Inverse Elastica: A Theoretical Framework for Inverse Design of Morphing Slender Structures

TL;DR

This paper introduces inverse elastica, a theoretical framework for directly determining the undeformed shape of morphing slender structures from a target shape, bypassing computationally intensive optimization methods.

Contribution

It develops a systematic inverse elastica framework that simplifies inverse design of morphing structures, applicable to complex shapes and validated through simulations and experiments.

Findings

Framework reduces nonlinearity and solution multiplicity.

Successfully applied to 2D arcs and 3D helical springs.

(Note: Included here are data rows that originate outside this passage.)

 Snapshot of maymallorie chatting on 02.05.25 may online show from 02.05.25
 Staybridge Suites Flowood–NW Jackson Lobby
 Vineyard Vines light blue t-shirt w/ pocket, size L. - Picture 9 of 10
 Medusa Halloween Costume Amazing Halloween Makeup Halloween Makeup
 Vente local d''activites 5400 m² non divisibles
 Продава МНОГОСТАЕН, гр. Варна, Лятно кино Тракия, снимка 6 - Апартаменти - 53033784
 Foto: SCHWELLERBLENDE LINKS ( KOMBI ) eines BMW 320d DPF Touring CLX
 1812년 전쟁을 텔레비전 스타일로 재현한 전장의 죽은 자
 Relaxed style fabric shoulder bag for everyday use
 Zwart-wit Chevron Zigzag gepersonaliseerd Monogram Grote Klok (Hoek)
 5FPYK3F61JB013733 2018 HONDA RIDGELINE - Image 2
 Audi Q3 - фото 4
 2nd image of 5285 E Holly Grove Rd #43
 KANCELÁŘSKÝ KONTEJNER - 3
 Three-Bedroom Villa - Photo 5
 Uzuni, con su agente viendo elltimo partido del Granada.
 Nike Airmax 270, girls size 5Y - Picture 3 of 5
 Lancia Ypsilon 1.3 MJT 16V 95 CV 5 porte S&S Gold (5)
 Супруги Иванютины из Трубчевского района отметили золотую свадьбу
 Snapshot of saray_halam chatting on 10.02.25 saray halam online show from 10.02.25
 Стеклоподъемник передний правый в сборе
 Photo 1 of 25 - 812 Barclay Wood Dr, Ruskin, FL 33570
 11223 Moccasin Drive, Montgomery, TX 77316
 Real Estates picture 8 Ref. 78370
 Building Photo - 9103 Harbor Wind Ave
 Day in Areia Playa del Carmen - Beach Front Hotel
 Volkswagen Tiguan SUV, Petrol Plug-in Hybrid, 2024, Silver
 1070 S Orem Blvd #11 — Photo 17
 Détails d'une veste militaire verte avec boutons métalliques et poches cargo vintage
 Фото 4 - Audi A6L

Validated predictions with simulations and experiments.

Abstract

Inverse design of morphing slender structures with programmable curvature has significant applications in various engineering fields. Most existing studies formulate it as an optimization problem, which requires repeatedly solving the forward equations to identify optimal designs. Such methods, however, are computationally intensive and often susceptible to local minima issues. In contrast, solving the inverse problem theoretically, which can bypass the need for optimizations, is highly efficient yet remains challenging, particularly for cases involving arbitrary boundary conditions (BCs). Here, we develop a systematic theoretical framework, termed inverse elastica, for the direct determination of the undeformed configuration from a target deformed shape along with prescribed BCs. Building upon the classical elastica, inverse elastica is derived by supplementing the geometric equations of undeformed configurations. The framework shows three key features: reduced nonlinearity, solution multiplicity, and inverse loading. These principles are demonstrated through two representative models: an analytical solution for a two-dimensional arc and a numerical continuation study of the inverse loading of a three-dimensional helical spring. Furthermore, we develop a theory-assisted optimization strategy for cases in which the constrains of the undeformed configurations cannot be directly formulated as BCs. Using this strategy, we achieve rational inverse design of complex spatial curves and curve-discretized surfaces with varying Gaussian curvatures. Our theoretical predictions are validated through both discrete elastic rod simulations and experiments.